Records excerpted from a collection:
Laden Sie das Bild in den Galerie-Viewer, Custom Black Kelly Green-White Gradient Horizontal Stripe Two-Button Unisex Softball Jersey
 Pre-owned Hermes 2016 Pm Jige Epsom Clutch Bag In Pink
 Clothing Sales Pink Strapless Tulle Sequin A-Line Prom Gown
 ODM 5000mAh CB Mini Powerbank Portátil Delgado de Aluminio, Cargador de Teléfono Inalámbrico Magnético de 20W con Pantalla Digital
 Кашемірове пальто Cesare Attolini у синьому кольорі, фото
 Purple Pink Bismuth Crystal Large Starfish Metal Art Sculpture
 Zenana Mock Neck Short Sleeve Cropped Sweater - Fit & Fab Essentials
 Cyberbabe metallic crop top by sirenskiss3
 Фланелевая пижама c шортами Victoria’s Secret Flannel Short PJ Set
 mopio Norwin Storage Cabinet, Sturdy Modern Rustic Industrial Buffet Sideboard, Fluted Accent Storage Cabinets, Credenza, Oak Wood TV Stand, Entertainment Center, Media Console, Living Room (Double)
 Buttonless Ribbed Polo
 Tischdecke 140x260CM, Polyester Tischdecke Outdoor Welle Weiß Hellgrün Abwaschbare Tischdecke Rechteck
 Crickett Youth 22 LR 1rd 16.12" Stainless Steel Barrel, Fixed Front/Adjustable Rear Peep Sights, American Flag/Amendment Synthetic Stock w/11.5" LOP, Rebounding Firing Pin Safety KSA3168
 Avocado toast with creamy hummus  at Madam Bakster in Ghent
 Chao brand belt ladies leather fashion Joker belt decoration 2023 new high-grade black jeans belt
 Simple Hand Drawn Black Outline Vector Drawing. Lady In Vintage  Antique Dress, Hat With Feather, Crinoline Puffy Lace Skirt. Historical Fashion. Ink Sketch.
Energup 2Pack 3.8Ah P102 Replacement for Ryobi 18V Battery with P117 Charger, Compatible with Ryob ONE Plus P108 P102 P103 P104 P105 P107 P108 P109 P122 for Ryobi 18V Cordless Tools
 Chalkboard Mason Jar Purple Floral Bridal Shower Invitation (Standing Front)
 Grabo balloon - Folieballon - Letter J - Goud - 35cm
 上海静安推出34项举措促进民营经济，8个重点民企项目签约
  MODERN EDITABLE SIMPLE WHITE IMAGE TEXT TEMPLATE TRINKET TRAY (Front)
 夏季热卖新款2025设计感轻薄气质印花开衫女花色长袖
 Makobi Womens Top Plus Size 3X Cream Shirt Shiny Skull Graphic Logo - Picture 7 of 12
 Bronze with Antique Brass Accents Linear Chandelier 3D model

Aim of the exercise: The answer needed is a single number: how many lines in the records above hold the string "Purple". Please write nothing else.

Written solution: 2